====== SOURCE INFORMATION

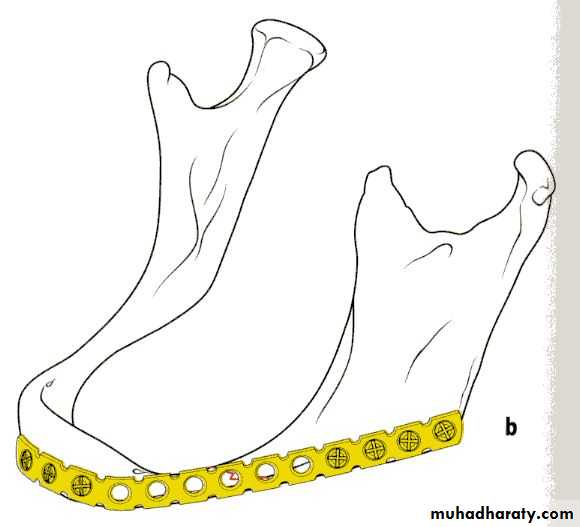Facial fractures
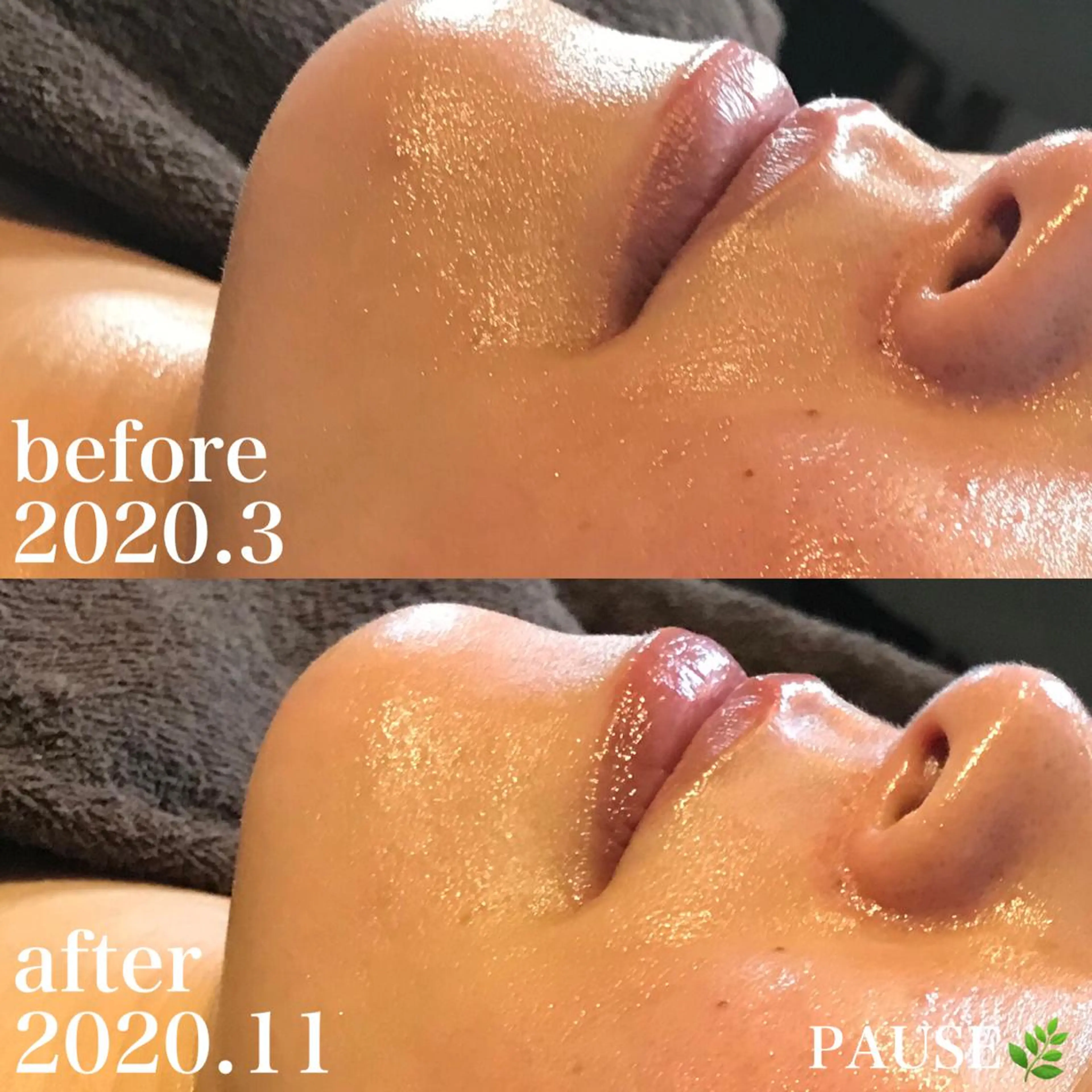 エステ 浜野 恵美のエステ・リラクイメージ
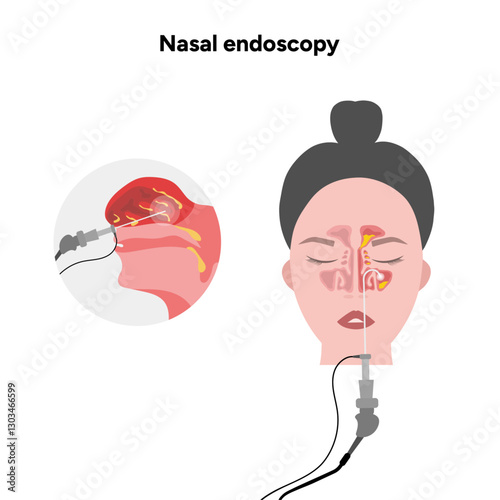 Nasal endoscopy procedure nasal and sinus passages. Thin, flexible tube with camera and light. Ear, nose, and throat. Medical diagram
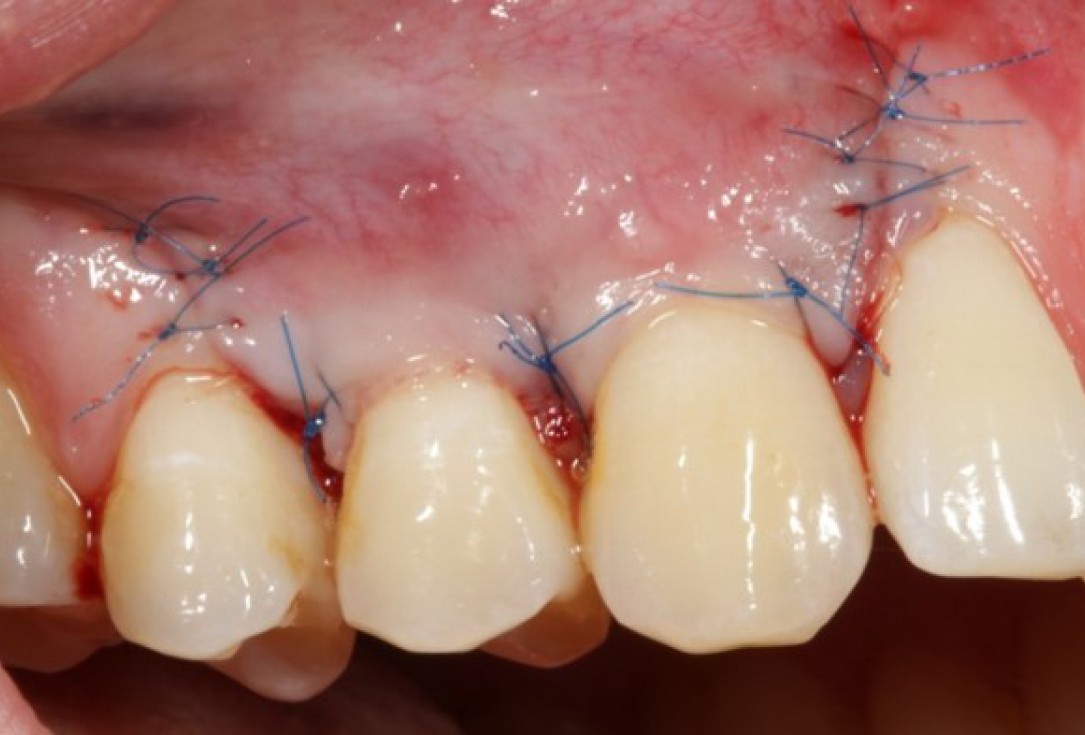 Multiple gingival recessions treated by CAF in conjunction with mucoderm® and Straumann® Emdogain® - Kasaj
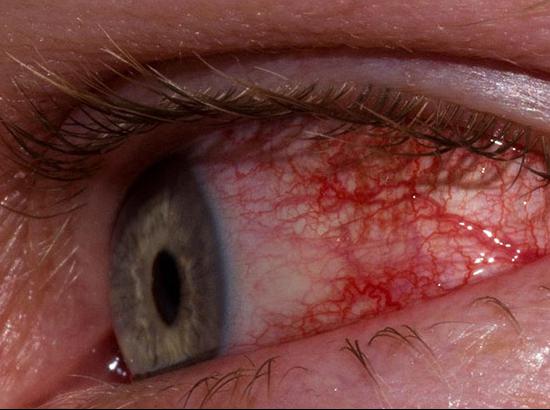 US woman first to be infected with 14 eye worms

============
====== SOURCE INFORMATION

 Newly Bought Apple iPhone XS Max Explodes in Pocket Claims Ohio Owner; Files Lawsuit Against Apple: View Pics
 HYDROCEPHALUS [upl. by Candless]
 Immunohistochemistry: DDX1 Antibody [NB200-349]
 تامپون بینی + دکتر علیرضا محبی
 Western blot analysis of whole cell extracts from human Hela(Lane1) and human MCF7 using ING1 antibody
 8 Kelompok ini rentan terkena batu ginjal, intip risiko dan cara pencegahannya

============

▶ **TASK INSTRUCTIONS**
The lines above from the one with "Western blot analysis" through the one with "8 Kelompok ini" are to be duplicated exactly, ends included, with nothing added.

▶ **SOLUTION FOR THIS EXERCISE**
 Western blot analysis of whole cell extracts from human Hela(Lane1) and human MCF7 using ING1 antibody
 8 Kelompok ini rentan terkena batu ginjal, intip risiko dan cara pencegahannya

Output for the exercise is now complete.